─── STUDY MATERIAL

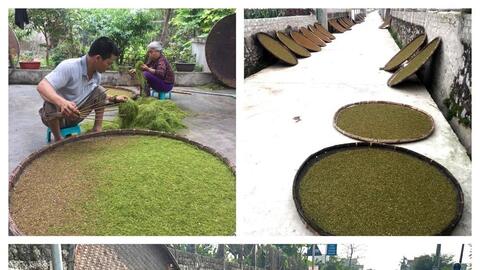 Hướng mới cho cây thuốc lào trên đất Nghệ An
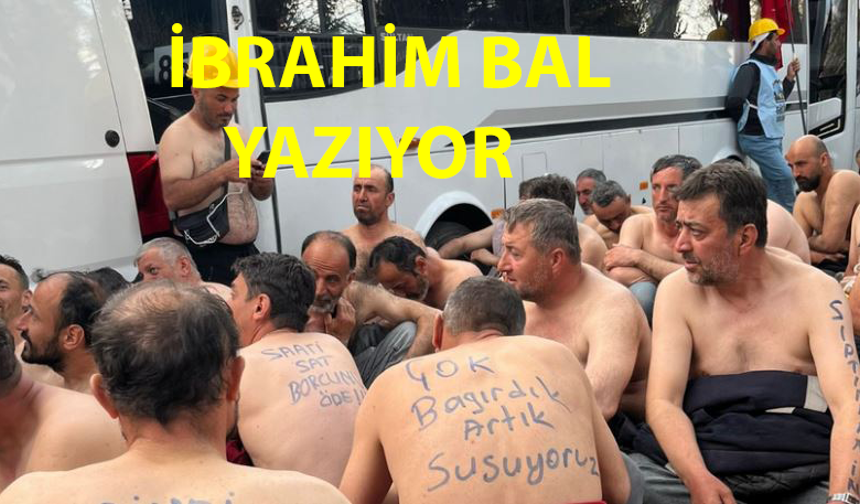 Sosyal Çürüme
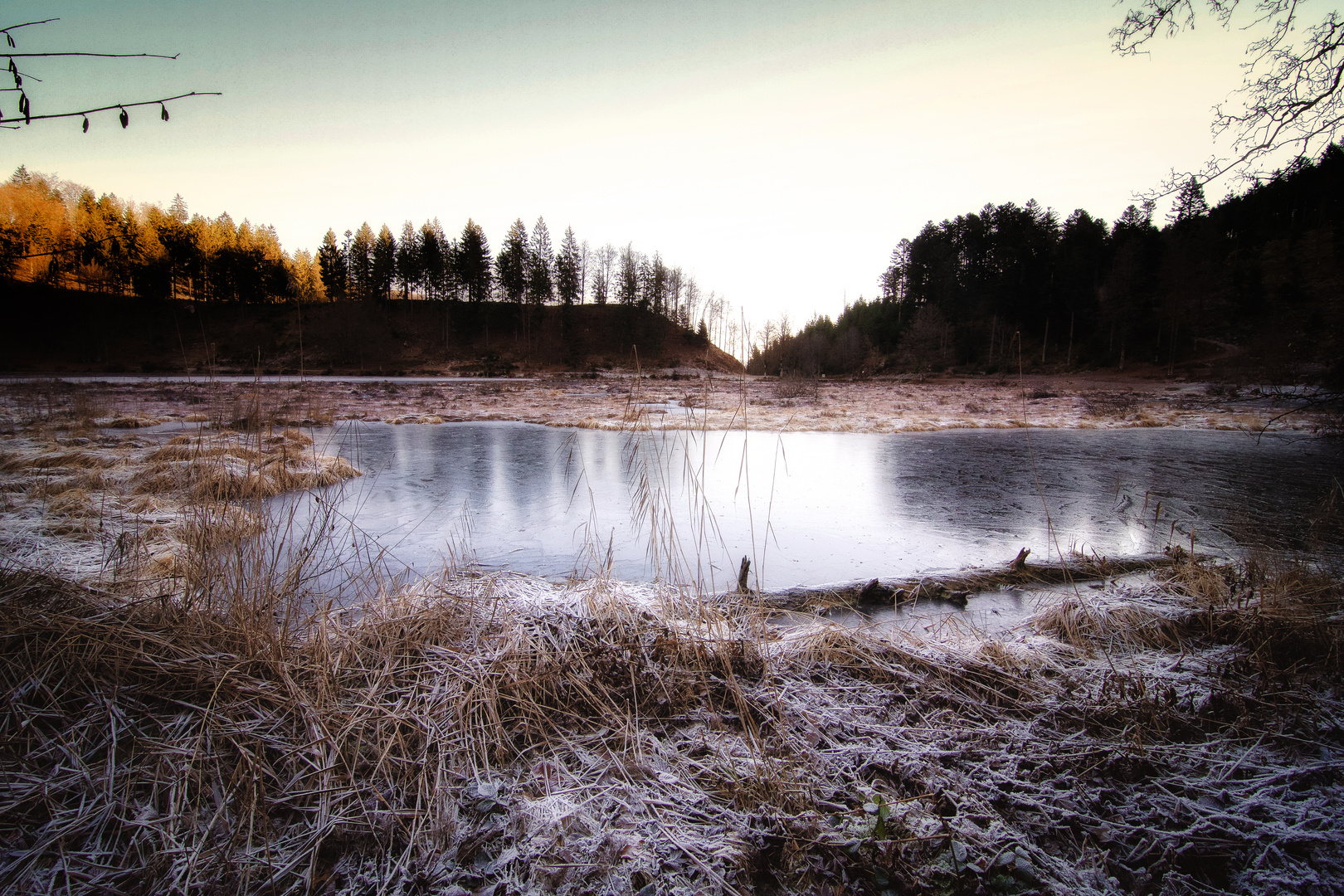 Nonnenmattweiher im Eis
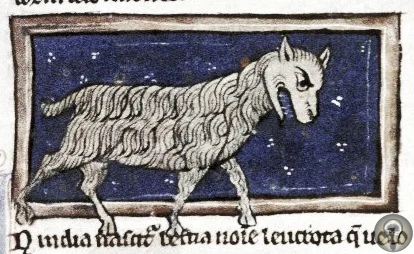 Пять странных зверей из Средних веков 1. Онокентавр Просто кентавра мы знаем - это гибрид человека и коня, а онокентавр - гибрид человека и осла. Считалось, что верхняя часть онокентавра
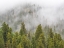 Picture of WYOMING-HOBACK-CLOUDS INTERMINGLING WITH EVERGREENS ON RAINY MORNING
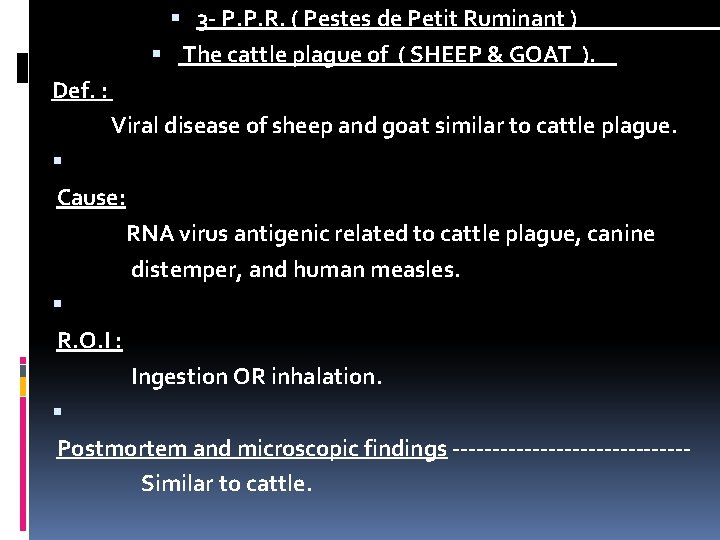  3 - P. P. R. ( Pestes de Petit Ruminant ) The cattle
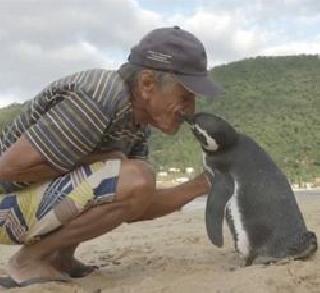 Amazing - Penguin traveled 8000 kilometers per year to meet the person | अद्भुत - प्राणदात्याला भेटण्यासाठी दरवर्षी 8000 किलोमीटर प्रवास करणारा पेंग्विन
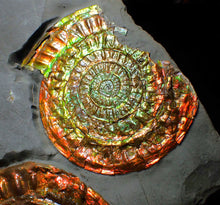 Load image into Gallery viewer, Large iridescent double-Caloceras rainbow-coloured display ammonite fossil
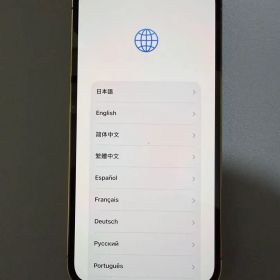 Apple iPhone 12 Pro ゴールド 256 GB 本体 美品
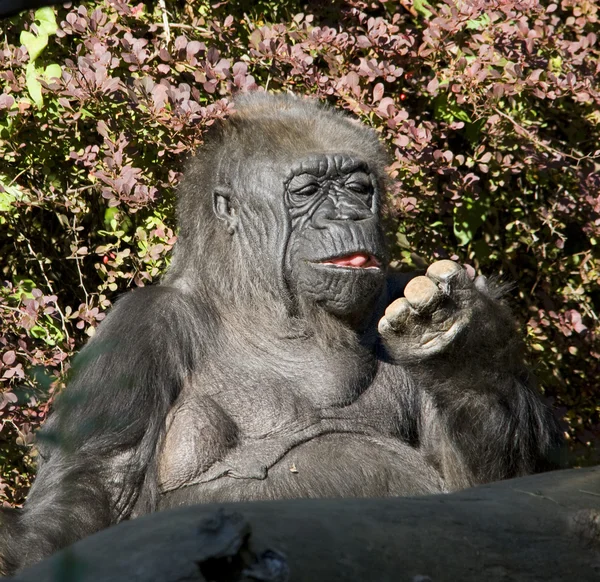 Ape goryl nizinny, patrząc na palce — Zdjęcie stockowe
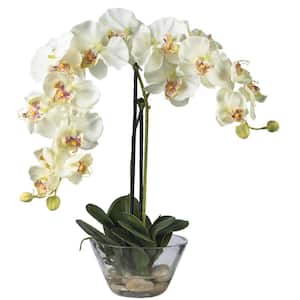 Double Phalaenopsis with Glass Vase Silk Flower Artificial Arrangement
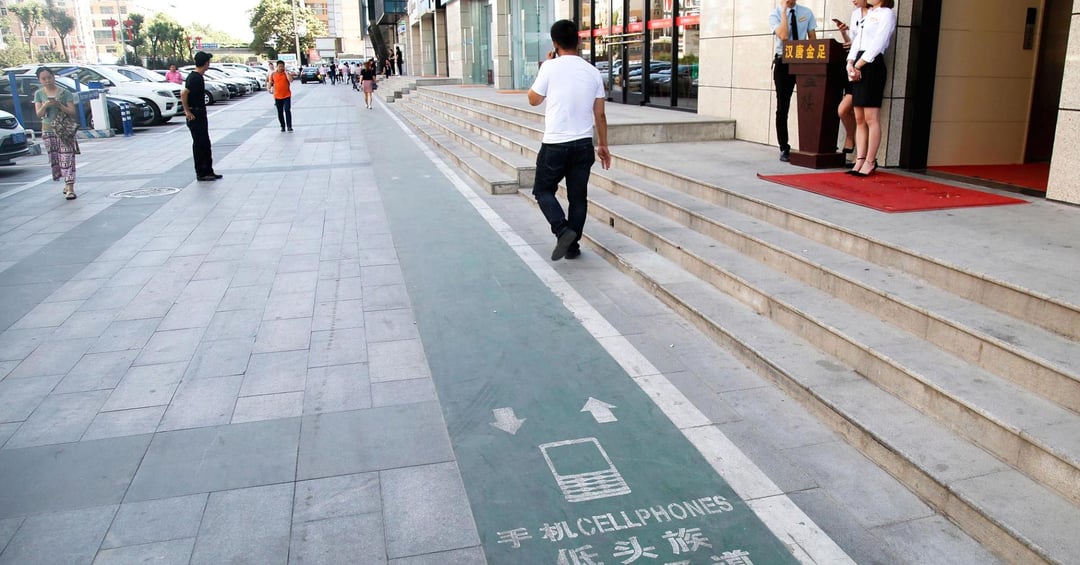 Pas dla smartfonowych zombie jak ścieżka rowerowa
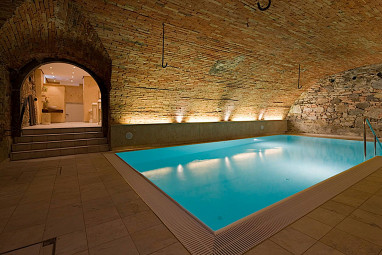 Hotel Gerbe: Pool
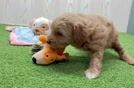 Meet Connie - our Mini Goldendoodle Puppy Video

──────

Output should consist of the lines above from the one with "3 - P. P. R. ( Pestes" down to the one with "Hotel Gerbe: Pool", exact and without pictures.

ANSWER TO THE PROBLEM:
  3 - P. P. R. ( Pestes de Petit Ruminant ) The cattle
 Amazing - Penguin traveled 8000 kilometers per year to meet the person | अद्भुत - प्राणदात्याला भेटण्यासाठी दरवर्षी 8000 किलोमीटर प्रवास करणारा पेंग्विन
 Load image into Gallery viewer, Large iridescent double-Caloceras rainbow-coloured display ammonite fossil
 Apple iPhone 12 Pro ゴールド 256 GB 本体 美品
 Ape goryl nizinny, patrząc na palce — Zdjęcie stockowe
 Double Phalaenopsis with Glass Vase Silk Flower Artificial Arrangement
 Pas dla smartfonowych zombie jak ścieżka rowerowa
 Hotel Gerbe: Pool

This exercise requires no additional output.